Data records
# # # # # # #

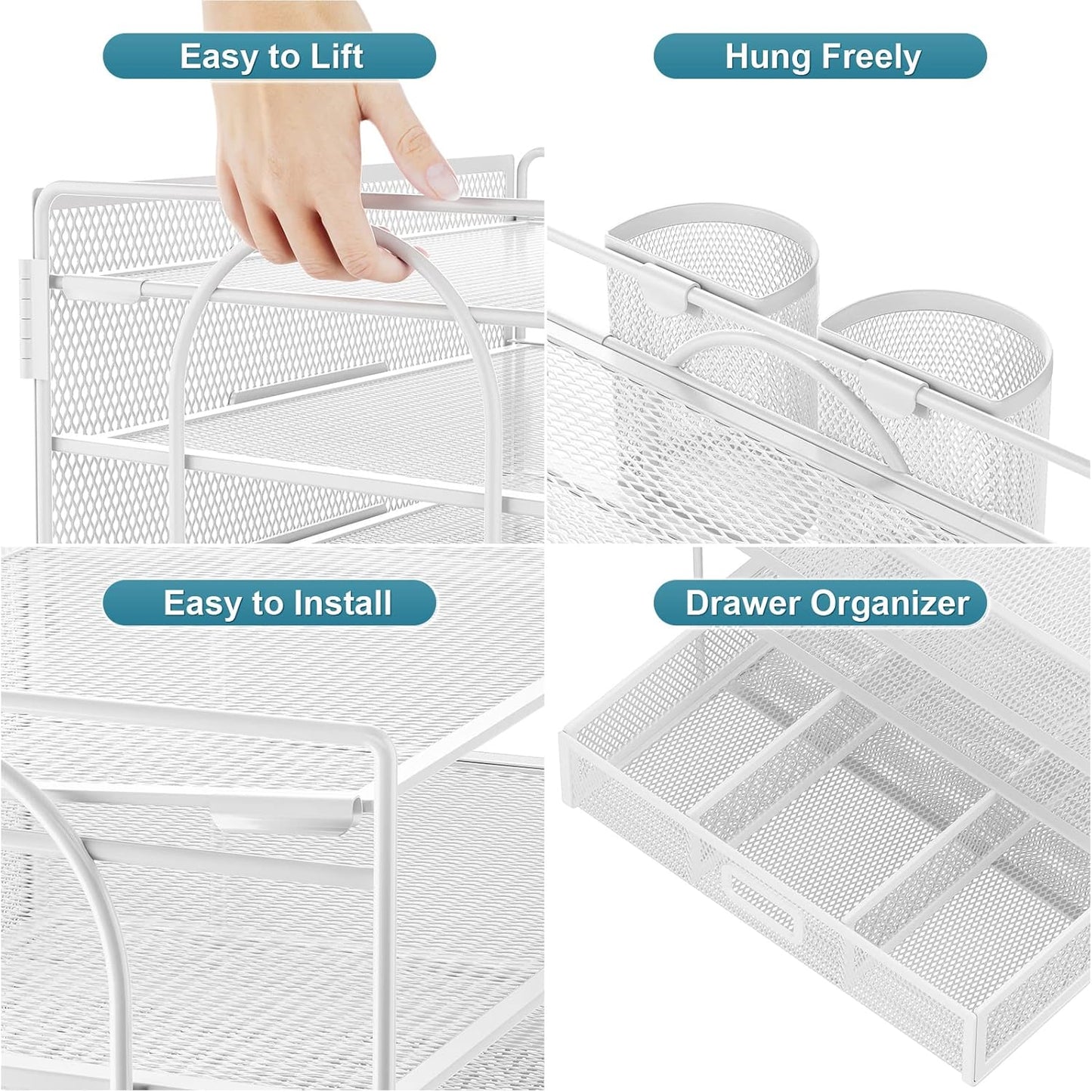 Marbrasse Desk Organizer and Accessories4-Tier Paper File Letter Tray Accessories & Workspace Desk Organizers with Drawer and 2 Pen Holders for School Home Office Supplies (White)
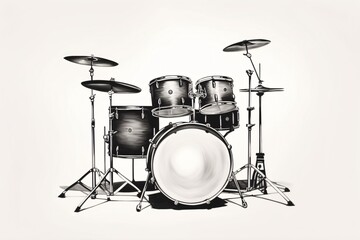 Fototapeta na wymiar a drum set with a white background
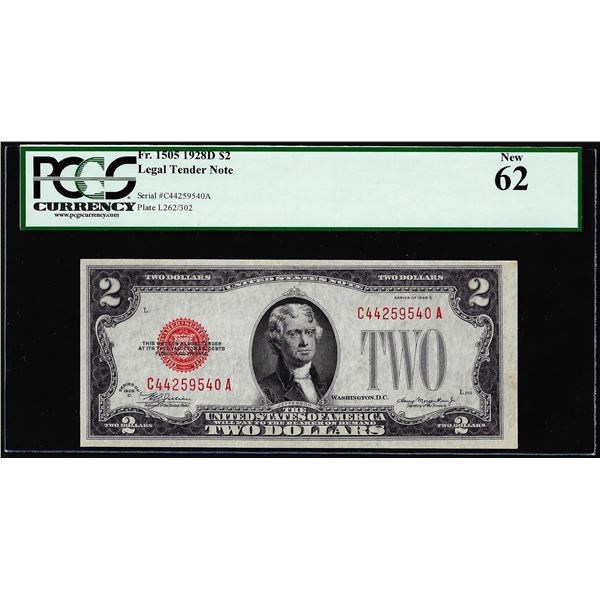 1928D $2 Legal Tender Note Fr.1505 PCGS New 62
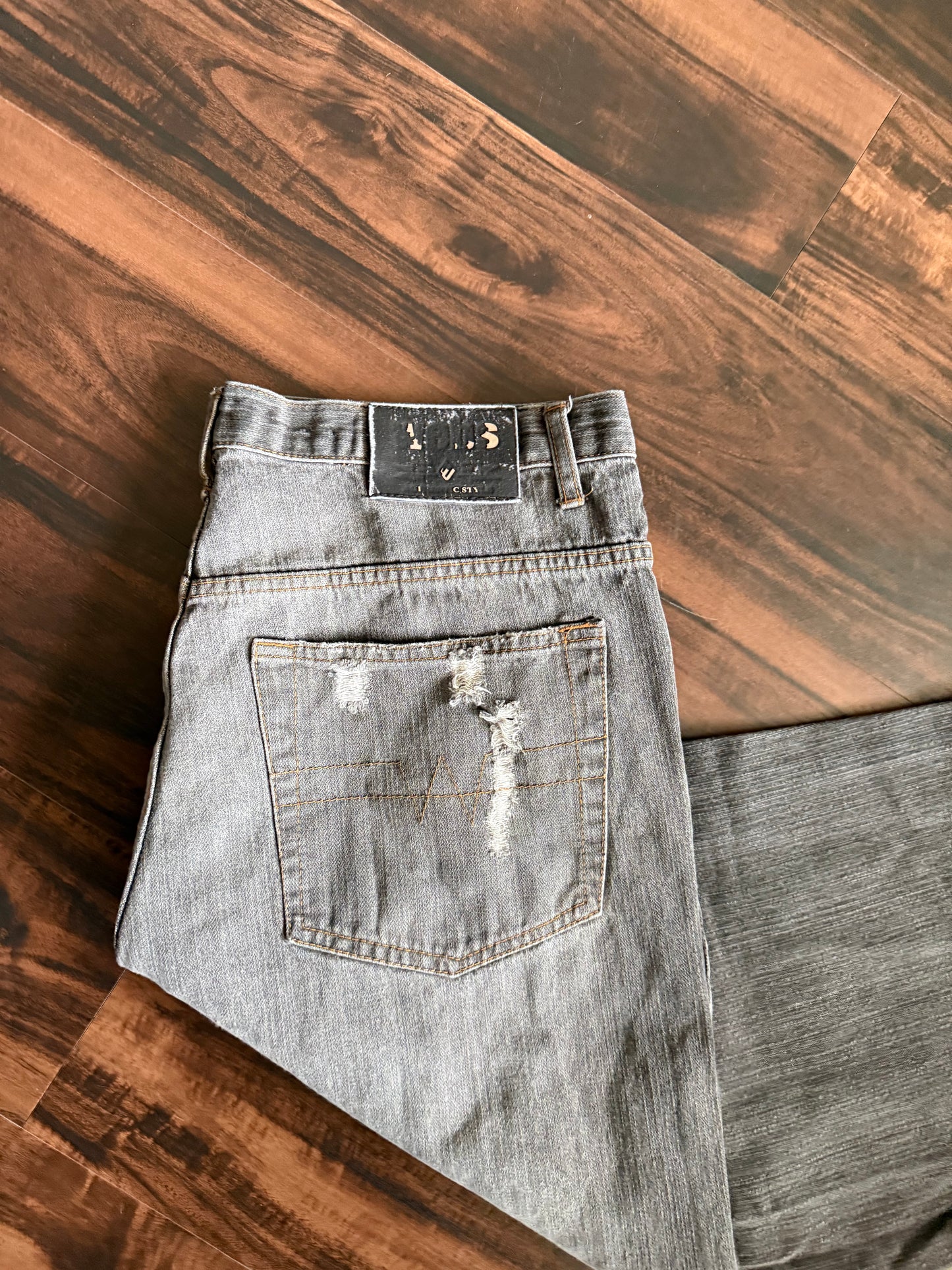 Vintage Y2K Webs Streetwear Black Denim Jeans- 36x32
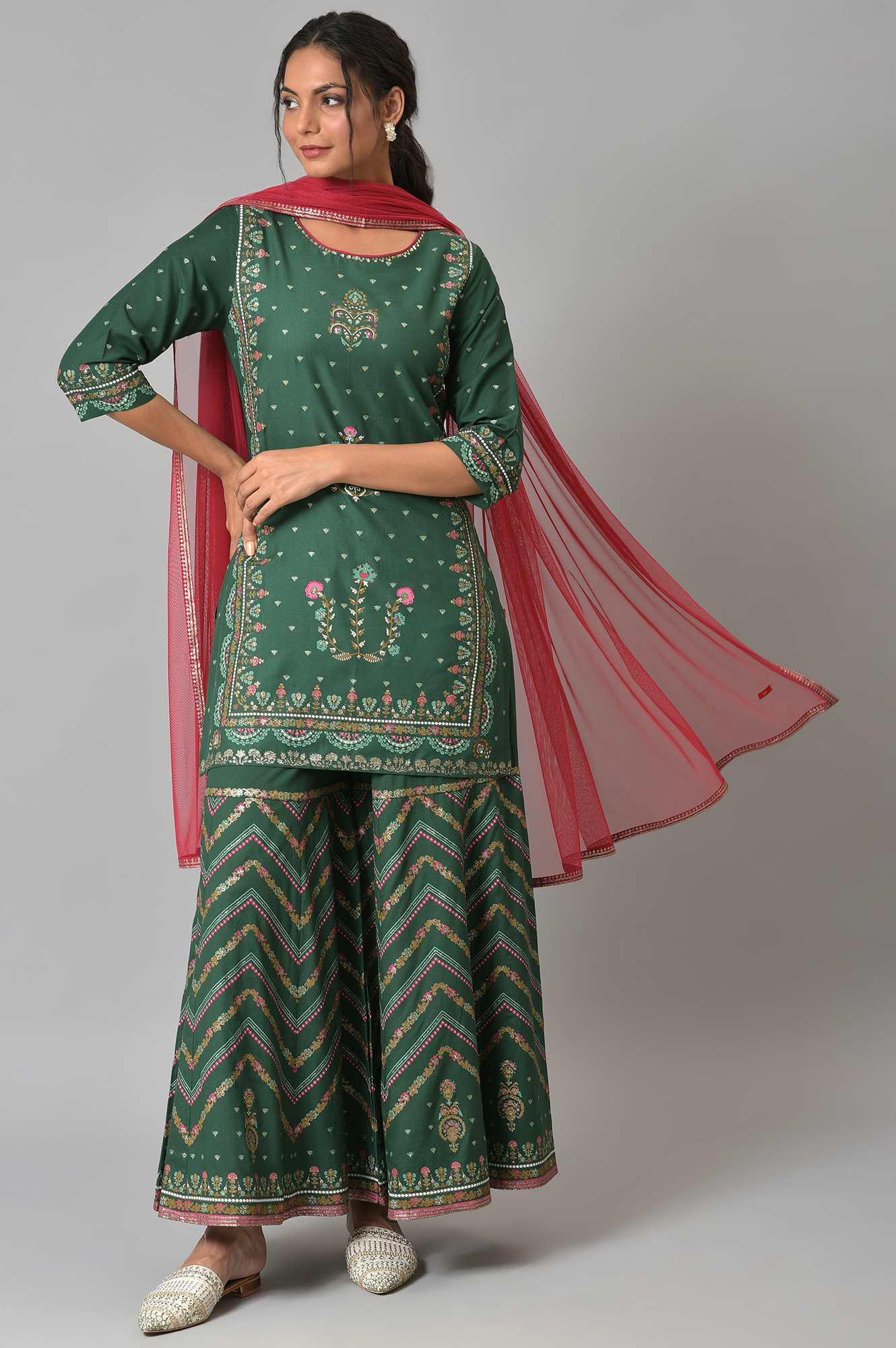 Dark Green Glitter Floral Printed kurta With Sharara Pants And Pink Dupatta - Image 2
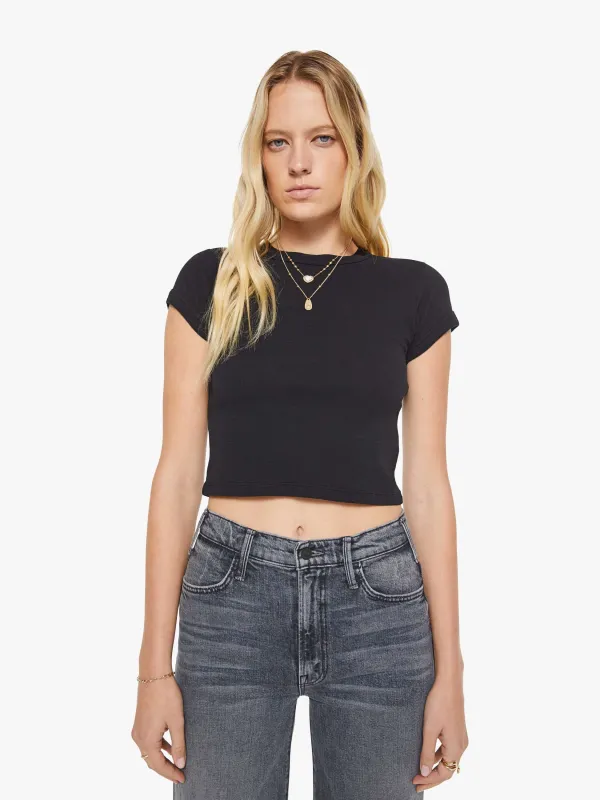 The Itty Bitty Ringer Crop - Black made by MOTHER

# # # # # # #

REQUIRED WORK
The answer should consist of every line above, exact and free of images.

TASK OUTPUT
 Marbrasse Desk Organizer and Accessories4-Tier Paper File Letter Tray Accessories & Workspace Desk Organizers with Drawer and 2 Pen Holders for School Home Office Supplies (White)
 Fototapeta na wymiar a drum set with a white background
 1928D $2 Legal Tender Note Fr.1505 PCGS New 62
 Vintage Y2K Webs Streetwear Black Denim Jeans- 36x32
 Dark Green Glitter Floral Printed kurta With Sharara Pants And Pink Dupatta - Image 2
 The Itty Bitty Ringer Crop - Black made by MOTHER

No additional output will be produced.